A identidade das cooperativas de trabalho e sua constante ameaça
Por definição, uma cooperativa de trabalho é formada por pessoas que se associam voluntariamente para prestar serviços de forma coletiva, com autonomia na gestão, repartição proporcional de resultados e respeito aos princípios cooperativistas. Não há subordinação, nem lucro distribuído como nas empresas convencionais. O foco não é o capital, mas a pessoa e o trabalho.
Contudo, o que se observa na prática é que muitas entidades constituídas sob o rótulo de “cooperativas” operam com lógica empresarial, mantendo controle centralizado, remuneração fixa e dependência direta de empresas contratantes. Nesses casos, a cooperativa, embora com CNPJ adequado, estatuto social registrado e até mesmo escrituração contábil regular, funciona como mera interposta de mão de obra, e não como sociedade cooperativa legítima. E é exatamente aqui que mora o risco: a forma jurídica não sobrevive à ausência de substância.

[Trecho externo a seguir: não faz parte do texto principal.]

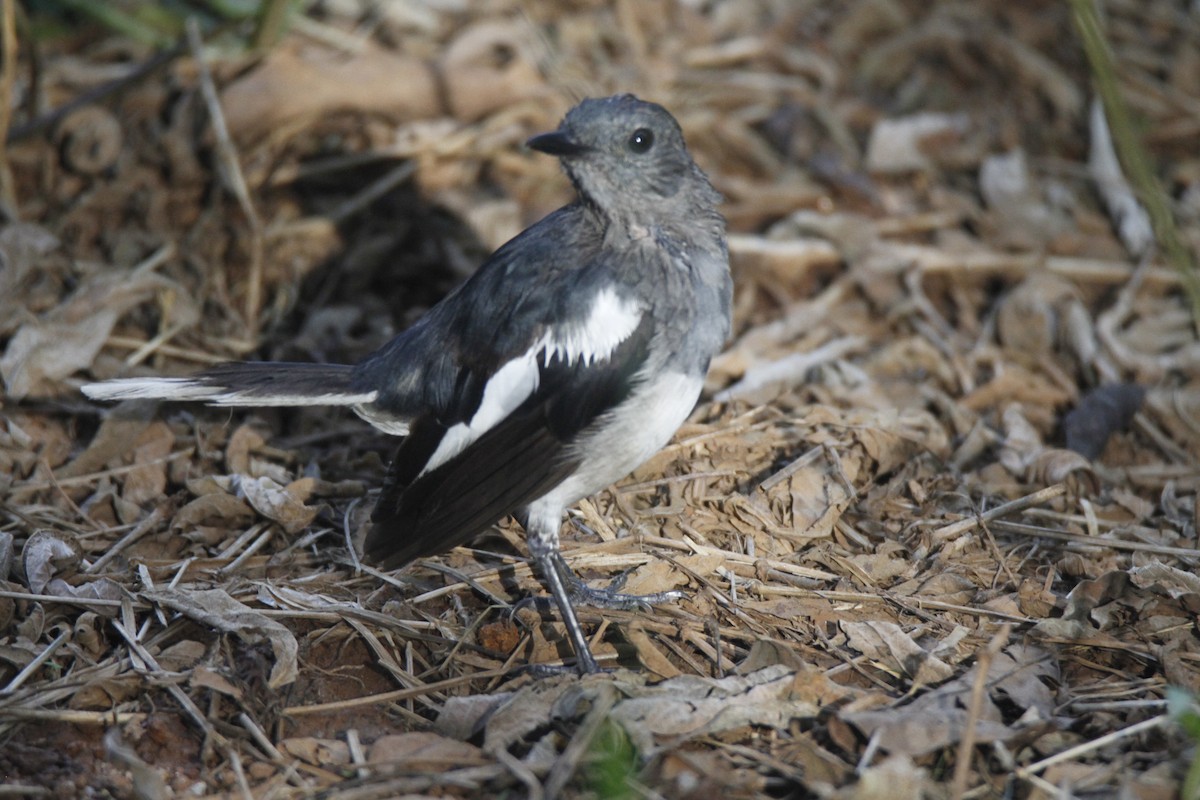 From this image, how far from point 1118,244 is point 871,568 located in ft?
10.0

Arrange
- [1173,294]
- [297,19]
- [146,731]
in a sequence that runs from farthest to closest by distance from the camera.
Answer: [297,19] < [1173,294] < [146,731]

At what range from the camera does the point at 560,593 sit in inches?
143

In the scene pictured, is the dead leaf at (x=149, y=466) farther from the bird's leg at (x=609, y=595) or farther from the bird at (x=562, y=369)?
the bird's leg at (x=609, y=595)

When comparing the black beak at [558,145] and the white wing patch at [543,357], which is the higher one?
the black beak at [558,145]

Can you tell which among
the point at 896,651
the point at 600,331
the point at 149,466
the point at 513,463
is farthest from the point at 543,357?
the point at 149,466

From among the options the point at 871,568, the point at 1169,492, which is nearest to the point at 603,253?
the point at 871,568

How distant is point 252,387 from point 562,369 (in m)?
1.10

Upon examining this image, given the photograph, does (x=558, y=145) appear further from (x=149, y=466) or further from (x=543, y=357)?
(x=149, y=466)

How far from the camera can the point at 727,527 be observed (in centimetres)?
412

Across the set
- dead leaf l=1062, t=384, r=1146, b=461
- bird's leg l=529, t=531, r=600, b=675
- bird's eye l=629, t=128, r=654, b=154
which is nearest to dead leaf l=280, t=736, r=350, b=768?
bird's leg l=529, t=531, r=600, b=675

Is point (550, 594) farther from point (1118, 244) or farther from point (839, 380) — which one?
point (1118, 244)

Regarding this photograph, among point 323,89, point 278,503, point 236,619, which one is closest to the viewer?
point 236,619

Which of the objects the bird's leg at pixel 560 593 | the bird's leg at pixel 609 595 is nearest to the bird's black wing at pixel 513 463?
the bird's leg at pixel 560 593

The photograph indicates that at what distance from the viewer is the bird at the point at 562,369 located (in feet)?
11.9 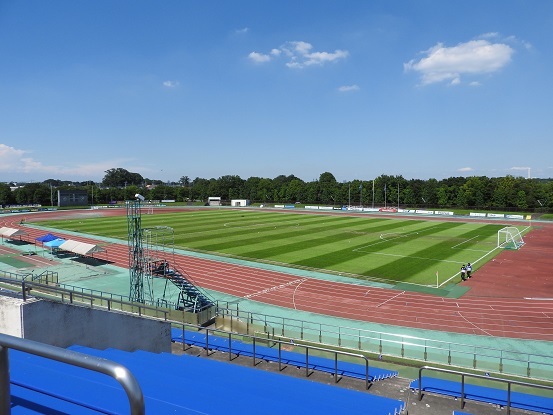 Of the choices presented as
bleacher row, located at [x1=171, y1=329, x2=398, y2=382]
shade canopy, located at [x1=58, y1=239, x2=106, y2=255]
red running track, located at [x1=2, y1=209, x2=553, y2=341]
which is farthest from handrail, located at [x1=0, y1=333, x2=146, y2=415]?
shade canopy, located at [x1=58, y1=239, x2=106, y2=255]

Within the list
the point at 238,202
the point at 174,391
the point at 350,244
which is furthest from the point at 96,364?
the point at 238,202

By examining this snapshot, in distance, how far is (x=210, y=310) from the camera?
2073 cm

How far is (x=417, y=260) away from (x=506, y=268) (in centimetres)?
698

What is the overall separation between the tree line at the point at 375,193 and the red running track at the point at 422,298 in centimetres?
7055

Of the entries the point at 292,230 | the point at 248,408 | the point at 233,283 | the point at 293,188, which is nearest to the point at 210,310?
the point at 233,283

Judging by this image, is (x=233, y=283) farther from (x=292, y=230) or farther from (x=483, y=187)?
(x=483, y=187)

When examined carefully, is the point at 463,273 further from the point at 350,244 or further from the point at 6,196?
the point at 6,196

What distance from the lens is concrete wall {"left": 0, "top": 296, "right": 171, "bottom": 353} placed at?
7.98m

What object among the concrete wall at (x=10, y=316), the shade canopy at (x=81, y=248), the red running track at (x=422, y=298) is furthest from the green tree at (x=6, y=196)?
the concrete wall at (x=10, y=316)

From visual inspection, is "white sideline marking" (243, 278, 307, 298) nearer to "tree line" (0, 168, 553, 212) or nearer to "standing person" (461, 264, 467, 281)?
"standing person" (461, 264, 467, 281)

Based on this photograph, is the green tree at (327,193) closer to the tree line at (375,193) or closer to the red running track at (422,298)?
the tree line at (375,193)

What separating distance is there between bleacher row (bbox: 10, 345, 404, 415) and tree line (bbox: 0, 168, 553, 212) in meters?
97.0

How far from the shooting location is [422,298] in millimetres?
24953

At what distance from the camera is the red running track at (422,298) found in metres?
20.8
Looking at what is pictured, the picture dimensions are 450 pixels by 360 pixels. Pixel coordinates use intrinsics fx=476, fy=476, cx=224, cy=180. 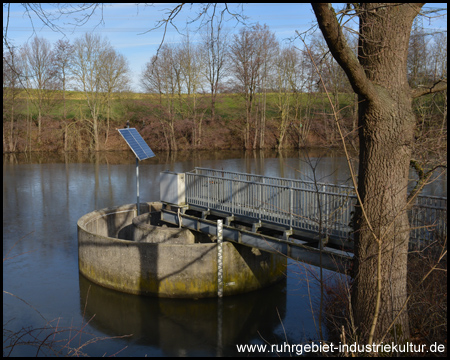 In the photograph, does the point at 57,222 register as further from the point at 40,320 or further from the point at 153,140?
the point at 153,140

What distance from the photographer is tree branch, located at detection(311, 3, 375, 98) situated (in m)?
5.57

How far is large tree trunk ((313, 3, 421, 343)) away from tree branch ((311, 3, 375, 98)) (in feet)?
0.78

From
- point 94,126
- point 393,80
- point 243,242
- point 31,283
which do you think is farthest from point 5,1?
point 94,126

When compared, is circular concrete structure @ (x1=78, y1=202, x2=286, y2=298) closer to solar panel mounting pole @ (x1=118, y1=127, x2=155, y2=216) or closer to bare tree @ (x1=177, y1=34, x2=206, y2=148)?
solar panel mounting pole @ (x1=118, y1=127, x2=155, y2=216)

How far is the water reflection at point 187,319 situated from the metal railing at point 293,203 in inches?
102

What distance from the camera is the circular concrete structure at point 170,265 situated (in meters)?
13.4

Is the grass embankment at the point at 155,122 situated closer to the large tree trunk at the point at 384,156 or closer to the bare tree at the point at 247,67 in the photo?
the bare tree at the point at 247,67

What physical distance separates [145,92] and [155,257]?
44.3m

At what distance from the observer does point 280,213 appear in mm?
12414

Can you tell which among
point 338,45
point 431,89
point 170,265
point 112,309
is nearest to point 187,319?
point 170,265

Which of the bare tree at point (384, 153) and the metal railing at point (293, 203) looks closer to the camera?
the bare tree at point (384, 153)

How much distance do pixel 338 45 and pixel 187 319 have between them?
8900 mm

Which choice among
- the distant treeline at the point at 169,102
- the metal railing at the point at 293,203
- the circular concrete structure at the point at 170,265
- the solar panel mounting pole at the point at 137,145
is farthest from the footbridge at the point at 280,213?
the distant treeline at the point at 169,102

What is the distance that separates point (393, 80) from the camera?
257 inches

Ato cooperado, ato não cooperado: a fronteira entre a legalidade e a ficção
O cerne do cooperativismo está na realização dos chamados atos cooperados, que envolvem a prática da atividade-fim da cooperativa por seus próprios membros, dentro dos limites do objeto social e com finalidade coletiva. Quando esse tripé é respeitado, o ordenamento jurídico reconhece isenções e eventualmente até imunidades tributárias específicas, reforçando o valor social do modelo.
O problema emerge quando esse vínculo se rompe. Atos realizados com não cooperados, ou mesmo com cooperados, mas fora do objeto social, perdem a natureza de ato cooperado e se tornam atos não cooperados, tributados como operações comerciais comuns. Essa distinção, que parece meramente técnica, é na verdade um divisor de águas no tratamento fiscal e societário da entidade.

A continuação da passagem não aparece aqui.